With the method description in hand, !U will dump out the assembly code.  Notice at the beginning it points out where the method begins in memory: 000006428273de00,  as well as its size: 1ed.  The offset from the stack trace is 0x2e, adding that to the method’s begin address yields 000006428273de2e.  The instruction takes the memory pointed to by the rcx register and compares it to zero.

image

Here’s where things take a turn for the theoretical.  Notice that the result of this comparison is not used anywhere, the next instruction moves rcx elsewhere in memory regardless of the result of the previous compare.  Strange, unless the value in the comparison does not come from its result!  Consider the case when rcx is 0: ptr[0] will cause an access violation because 0x0 is protected memory.  It is probable that the purpose of the comparison is to generate an access violation when the pointer represented by rcx is null.  The CLR can then trap this access violation and generate a more meaningful NullReferenceException.

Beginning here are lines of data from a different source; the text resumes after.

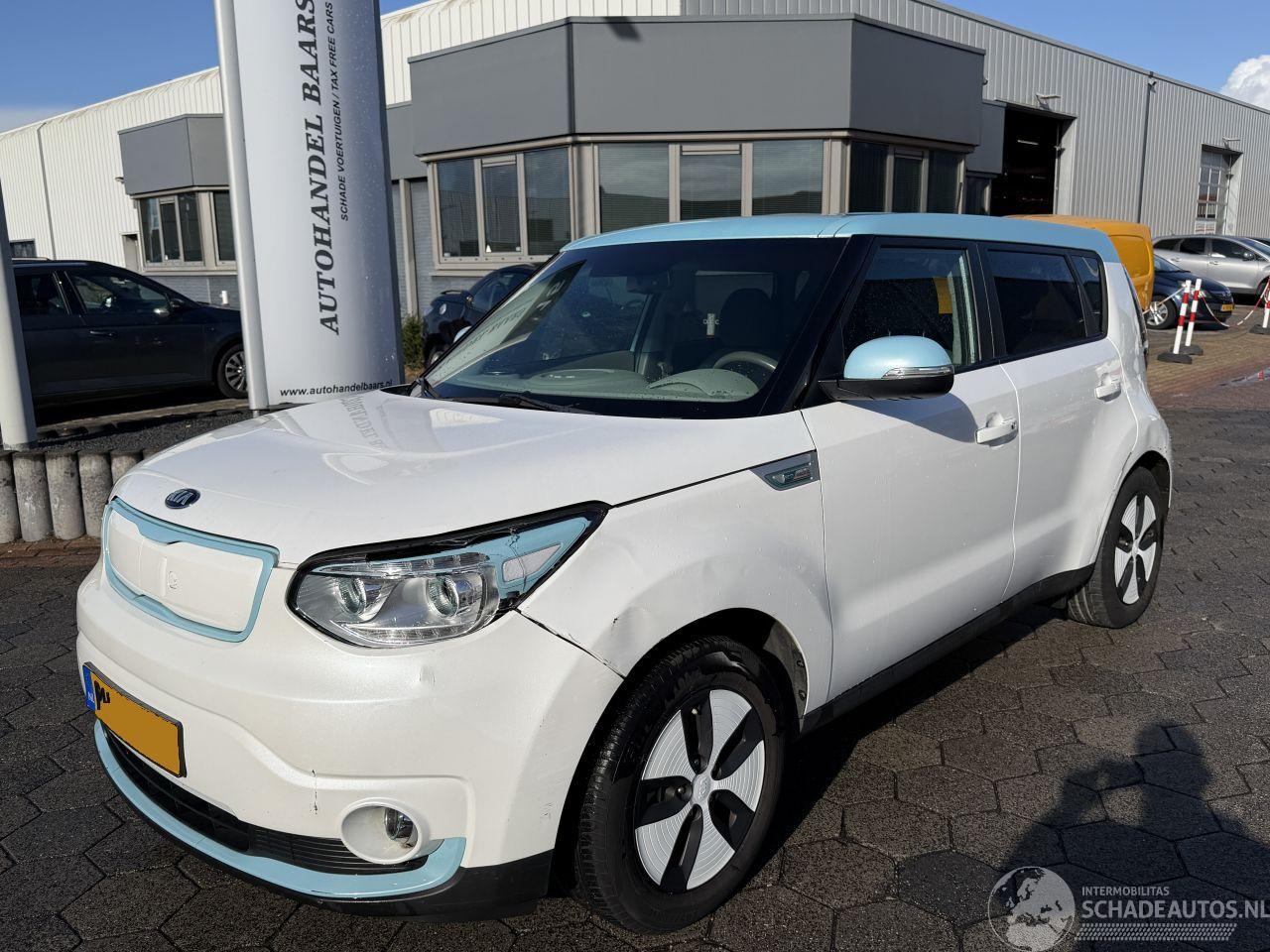 Kia Soul EV ExecutiveLine
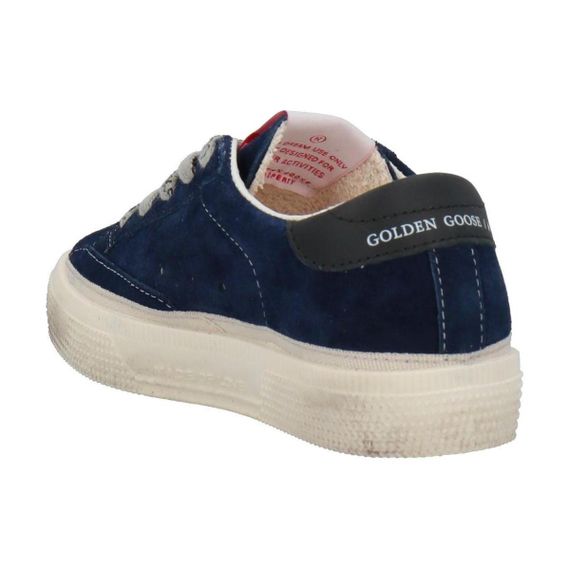 Golden Goose Low Top 'Blue'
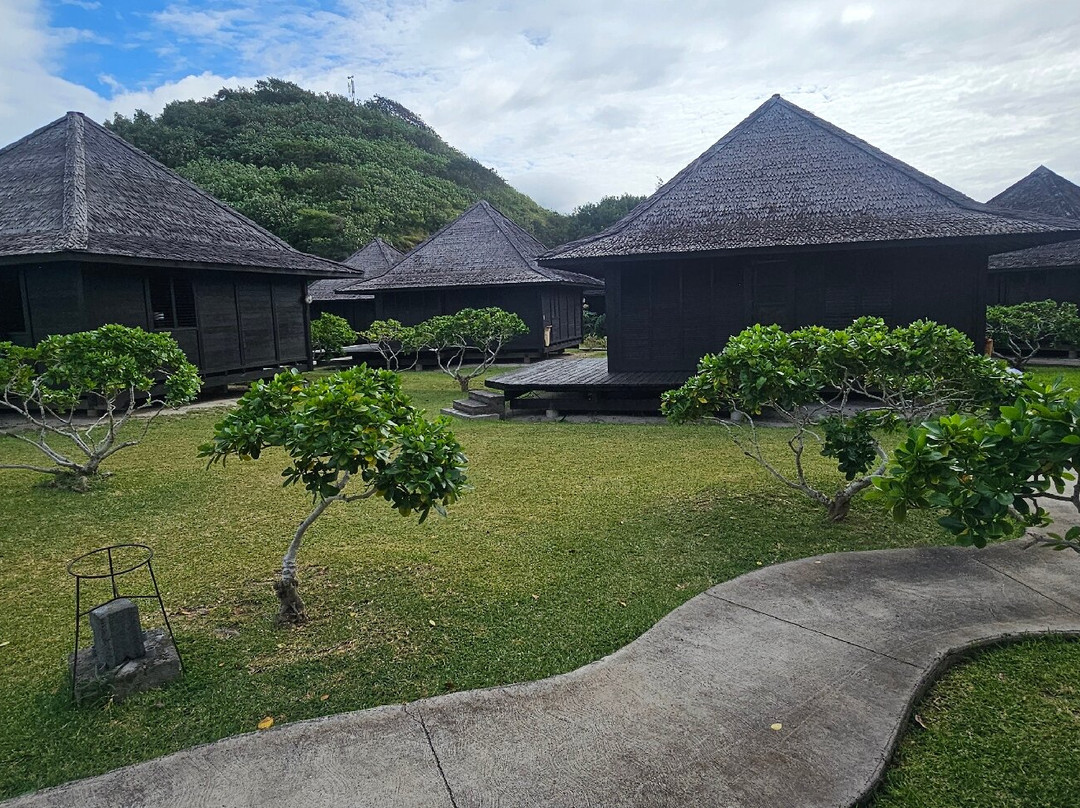 Hotel Matira主图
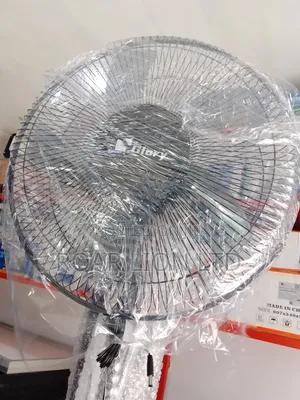 16inch Solar Rechargeable Fan With Panel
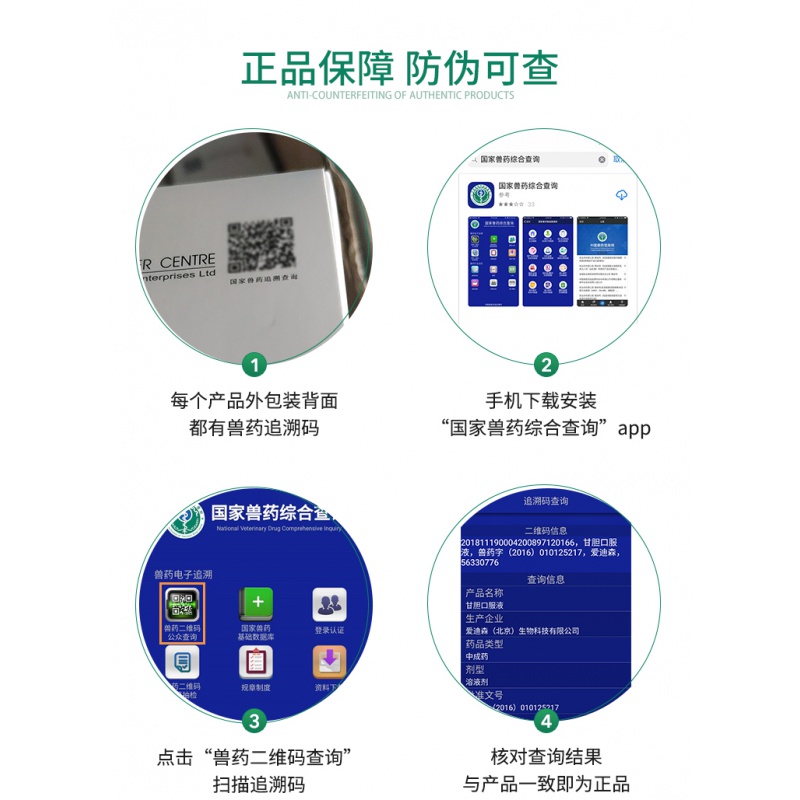 【速发】爱迪森果根素甘胆口服液宠物狗狗犬窝咳猫鼻支止咳糖浆清肺喷嚏咳嗽猫咪板蓝根宠物感冒药 爱迪森果根素100ml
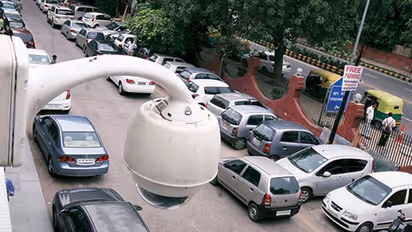 Andhra Pradesh to get Rs 990 crore worth CCTV surveillance system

Accepting this hypothesis, the question remains: which object was null?  The next assembly command of interest appears to be a method call:

image

Specifically, this is a method call to address 00000642`801b35c0.  SOS, always helpful, shows the name of the managed method which lives at this address.  Using !U to sanity-check this output shows that SOS is, in fact, telling the truth.

image

This is important because it gives an idea of what C# code the assembly code represents.  In the image below there is underlined a portion of code which is calls GetRole() via the Engine property which appears to have been inlined by the compiler.

image

Following from this, the assembly instruction preceding the method call must be null-checking the object on which GetRole() is called.  The object, in this case is the TargetServer property of the this.jobConfiguration object.  That, then, is almost certainly the source of the null reference which started all this.  Comparing this information to the bug list confirms that this issue was indeed fixed in the most recent patch.  Disaster: averted!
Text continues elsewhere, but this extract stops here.